TASK GOAL: Lines from the top of the entries down to the line with "Colorful Flowers Shower" must be set down exactly as they stand, with both ends retained.
=== PROVIDED DATA ===
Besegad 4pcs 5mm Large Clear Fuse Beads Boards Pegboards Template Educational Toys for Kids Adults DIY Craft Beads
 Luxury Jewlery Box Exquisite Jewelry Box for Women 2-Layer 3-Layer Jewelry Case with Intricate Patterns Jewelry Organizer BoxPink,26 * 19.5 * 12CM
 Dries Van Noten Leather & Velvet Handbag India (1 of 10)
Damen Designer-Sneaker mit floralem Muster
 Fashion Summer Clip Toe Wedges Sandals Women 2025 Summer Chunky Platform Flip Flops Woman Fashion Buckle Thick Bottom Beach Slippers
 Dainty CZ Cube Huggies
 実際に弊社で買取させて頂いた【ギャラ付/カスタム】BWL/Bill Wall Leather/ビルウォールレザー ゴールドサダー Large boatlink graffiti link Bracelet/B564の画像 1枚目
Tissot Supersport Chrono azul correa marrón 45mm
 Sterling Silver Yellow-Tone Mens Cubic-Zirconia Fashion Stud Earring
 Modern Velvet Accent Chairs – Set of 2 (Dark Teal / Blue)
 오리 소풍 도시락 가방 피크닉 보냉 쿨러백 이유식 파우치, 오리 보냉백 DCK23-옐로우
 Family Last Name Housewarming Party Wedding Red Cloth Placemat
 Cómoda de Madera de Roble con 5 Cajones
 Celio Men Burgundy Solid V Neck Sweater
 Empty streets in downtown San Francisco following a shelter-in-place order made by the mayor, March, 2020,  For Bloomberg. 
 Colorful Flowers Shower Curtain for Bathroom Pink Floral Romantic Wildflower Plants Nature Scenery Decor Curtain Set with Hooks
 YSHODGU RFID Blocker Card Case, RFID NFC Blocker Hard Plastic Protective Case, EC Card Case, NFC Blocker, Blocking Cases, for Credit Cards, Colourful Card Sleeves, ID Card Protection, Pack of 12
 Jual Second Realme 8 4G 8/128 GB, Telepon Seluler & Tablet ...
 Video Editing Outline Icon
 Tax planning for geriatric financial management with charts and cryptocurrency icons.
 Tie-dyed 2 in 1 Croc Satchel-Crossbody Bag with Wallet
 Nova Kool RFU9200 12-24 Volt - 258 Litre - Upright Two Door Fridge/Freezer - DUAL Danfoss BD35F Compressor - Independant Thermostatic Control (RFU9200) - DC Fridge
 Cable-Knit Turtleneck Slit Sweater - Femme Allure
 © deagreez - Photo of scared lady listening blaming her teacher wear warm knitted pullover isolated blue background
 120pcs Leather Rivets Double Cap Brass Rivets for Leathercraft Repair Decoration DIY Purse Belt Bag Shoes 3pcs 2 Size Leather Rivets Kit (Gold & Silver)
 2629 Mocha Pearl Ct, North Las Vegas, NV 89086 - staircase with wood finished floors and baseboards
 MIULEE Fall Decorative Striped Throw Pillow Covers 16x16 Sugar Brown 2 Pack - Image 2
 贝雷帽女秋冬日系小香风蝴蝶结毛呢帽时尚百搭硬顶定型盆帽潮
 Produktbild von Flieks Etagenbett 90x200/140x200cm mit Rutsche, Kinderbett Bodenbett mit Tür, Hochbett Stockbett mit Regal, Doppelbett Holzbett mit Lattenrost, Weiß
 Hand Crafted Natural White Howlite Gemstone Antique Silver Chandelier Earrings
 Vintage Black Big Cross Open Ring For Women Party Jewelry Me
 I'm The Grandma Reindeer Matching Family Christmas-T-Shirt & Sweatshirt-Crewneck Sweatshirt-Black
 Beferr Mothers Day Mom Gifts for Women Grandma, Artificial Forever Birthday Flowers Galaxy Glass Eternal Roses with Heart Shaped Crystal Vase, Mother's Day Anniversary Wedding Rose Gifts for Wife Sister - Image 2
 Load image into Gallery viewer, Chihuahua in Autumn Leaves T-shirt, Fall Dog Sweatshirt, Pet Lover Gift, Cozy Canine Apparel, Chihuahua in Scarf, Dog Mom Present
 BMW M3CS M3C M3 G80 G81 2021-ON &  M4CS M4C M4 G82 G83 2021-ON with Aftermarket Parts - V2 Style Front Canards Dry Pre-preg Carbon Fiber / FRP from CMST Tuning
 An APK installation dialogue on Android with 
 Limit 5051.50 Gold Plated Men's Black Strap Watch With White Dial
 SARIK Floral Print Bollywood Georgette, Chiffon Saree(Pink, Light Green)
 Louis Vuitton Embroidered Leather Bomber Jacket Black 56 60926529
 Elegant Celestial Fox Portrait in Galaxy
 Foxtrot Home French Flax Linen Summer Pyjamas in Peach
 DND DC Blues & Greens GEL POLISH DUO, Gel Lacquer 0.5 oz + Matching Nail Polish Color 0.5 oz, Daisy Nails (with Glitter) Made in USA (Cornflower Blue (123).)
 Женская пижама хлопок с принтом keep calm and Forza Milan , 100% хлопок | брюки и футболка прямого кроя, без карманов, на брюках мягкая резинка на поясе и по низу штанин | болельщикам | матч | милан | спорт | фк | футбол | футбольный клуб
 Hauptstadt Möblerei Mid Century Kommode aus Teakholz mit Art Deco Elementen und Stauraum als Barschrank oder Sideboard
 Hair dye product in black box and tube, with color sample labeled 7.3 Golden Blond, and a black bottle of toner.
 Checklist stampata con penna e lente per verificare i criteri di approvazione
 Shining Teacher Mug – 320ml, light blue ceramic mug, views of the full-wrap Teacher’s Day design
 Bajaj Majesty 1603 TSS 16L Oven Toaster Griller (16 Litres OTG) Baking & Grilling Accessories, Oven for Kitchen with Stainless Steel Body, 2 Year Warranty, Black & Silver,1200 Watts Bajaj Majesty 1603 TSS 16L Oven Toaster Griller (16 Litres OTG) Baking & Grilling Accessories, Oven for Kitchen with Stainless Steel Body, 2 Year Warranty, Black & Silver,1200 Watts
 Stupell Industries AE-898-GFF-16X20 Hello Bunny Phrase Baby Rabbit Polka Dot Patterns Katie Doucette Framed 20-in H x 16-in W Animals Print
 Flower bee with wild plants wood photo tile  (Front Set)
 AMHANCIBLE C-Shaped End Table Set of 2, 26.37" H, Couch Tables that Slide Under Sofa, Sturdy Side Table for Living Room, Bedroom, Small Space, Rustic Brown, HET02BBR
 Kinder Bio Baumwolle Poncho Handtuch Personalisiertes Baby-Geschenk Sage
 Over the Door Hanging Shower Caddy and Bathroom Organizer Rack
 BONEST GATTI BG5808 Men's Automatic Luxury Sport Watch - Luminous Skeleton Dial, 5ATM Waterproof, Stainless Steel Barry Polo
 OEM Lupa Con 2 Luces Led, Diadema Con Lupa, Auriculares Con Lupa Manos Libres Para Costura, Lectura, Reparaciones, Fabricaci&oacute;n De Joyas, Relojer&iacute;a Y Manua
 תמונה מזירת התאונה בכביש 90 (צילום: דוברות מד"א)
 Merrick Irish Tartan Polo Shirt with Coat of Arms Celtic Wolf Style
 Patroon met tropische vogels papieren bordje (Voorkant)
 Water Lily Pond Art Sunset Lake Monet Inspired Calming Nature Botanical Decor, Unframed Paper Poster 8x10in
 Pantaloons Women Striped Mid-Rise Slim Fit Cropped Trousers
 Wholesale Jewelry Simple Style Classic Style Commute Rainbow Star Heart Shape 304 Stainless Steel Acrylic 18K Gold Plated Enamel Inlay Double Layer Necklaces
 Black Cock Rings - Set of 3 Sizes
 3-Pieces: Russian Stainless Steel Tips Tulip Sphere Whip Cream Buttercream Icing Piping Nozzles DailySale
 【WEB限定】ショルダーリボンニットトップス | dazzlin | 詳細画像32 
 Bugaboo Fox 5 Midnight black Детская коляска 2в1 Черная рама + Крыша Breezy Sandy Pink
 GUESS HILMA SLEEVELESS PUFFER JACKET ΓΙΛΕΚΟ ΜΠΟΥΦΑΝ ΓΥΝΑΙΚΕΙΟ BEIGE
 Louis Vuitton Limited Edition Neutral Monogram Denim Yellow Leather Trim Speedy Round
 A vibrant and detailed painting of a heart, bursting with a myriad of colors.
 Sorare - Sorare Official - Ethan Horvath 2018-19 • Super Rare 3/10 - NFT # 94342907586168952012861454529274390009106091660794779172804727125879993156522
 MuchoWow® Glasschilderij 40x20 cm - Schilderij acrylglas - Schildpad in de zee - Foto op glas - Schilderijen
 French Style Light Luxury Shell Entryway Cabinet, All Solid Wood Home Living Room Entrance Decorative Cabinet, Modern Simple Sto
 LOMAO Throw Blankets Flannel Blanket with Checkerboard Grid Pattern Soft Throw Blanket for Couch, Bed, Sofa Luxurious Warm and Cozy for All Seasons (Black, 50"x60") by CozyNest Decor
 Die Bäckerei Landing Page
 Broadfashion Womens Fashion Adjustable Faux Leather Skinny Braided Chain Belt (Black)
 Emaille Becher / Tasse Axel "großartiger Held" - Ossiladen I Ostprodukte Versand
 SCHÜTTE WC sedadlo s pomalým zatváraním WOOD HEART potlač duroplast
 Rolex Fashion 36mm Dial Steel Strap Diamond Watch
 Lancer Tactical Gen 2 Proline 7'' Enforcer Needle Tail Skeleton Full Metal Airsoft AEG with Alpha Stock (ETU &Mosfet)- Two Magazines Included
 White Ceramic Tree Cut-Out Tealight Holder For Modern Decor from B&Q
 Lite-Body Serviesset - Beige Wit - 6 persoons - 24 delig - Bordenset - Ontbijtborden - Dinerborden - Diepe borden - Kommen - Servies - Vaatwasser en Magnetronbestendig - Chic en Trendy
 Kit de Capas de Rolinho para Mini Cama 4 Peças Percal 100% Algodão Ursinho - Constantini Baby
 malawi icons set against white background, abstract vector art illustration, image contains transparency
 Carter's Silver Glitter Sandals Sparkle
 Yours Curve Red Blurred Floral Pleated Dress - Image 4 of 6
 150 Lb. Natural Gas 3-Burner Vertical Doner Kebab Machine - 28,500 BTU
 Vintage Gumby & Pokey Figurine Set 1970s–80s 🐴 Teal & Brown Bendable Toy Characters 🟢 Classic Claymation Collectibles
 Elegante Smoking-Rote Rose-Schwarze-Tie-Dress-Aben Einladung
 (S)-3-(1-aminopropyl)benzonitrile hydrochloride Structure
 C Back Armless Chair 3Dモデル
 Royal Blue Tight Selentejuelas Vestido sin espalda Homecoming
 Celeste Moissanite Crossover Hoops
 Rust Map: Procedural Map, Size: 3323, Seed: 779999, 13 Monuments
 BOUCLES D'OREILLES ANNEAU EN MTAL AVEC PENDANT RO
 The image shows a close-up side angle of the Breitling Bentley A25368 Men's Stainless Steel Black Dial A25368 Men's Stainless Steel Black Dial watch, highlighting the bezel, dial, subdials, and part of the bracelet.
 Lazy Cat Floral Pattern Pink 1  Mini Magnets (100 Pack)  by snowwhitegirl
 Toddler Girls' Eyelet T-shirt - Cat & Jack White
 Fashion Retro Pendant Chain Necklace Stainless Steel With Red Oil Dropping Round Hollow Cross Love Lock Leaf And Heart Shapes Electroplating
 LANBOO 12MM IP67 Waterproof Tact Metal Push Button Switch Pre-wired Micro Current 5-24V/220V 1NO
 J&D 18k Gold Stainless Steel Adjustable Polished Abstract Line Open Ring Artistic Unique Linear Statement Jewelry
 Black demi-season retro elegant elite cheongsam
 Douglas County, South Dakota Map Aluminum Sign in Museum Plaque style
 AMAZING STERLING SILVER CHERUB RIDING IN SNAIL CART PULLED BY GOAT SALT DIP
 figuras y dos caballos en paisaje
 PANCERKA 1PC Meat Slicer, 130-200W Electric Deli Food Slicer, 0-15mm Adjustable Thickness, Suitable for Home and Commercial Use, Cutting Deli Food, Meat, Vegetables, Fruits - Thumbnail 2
===
THE ANSWER:
Besegad 4pcs 5mm Large Clear Fuse Beads Boards Pegboards Template Educational Toys for Kids Adults DIY Craft Beads
 Luxury Jewlery Box Exquisite Jewelry Box for Women 2-Layer 3-Layer Jewelry Case with Intricate Patterns Jewelry Organizer BoxPink,26 * 19.5 * 12CM
 Dries Van Noten Leather & Velvet Handbag India (1 of 10)
Damen Designer-Sneaker mit floralem Muster
 Fashion Summer Clip Toe Wedges Sandals Women 2025 Summer Chunky Platform Flip Flops Woman Fashion Buckle Thick Bottom Beach Slippers
 Dainty CZ Cube Huggies
 実際に弊社で買取させて頂いた【ギャラ付/カスタム】BWL/Bill Wall Leather/ビルウォールレザー ゴールドサダー Large boatlink graffiti link Bracelet/B564の画像 1枚目
Tissot Supersport Chrono azul correa marrón 45mm
 Sterling Silver Yellow-Tone Mens Cubic-Zirconia Fashion Stud Earring
 Modern Velvet Accent Chairs – Set of 2 (Dark Teal / Blue)
 오리 소풍 도시락 가방 피크닉 보냉 쿨러백 이유식 파우치, 오리 보냉백 DCK23-옐로우
 Family Last Name Housewarming Party Wedding Red Cloth Placemat
 Cómoda de Madera de Roble con 5 Cajones
 Celio Men Burgundy Solid V Neck Sweater
 Empty streets in downtown San Francisco following a shelter-in-place order made by the mayor, March, 2020,  For Bloomberg. 
 Colorful Flowers Shower Curtain for Bathroom Pink Floral Romantic Wildflower Plants Nature Scenery Decor Curtain Set with Hooks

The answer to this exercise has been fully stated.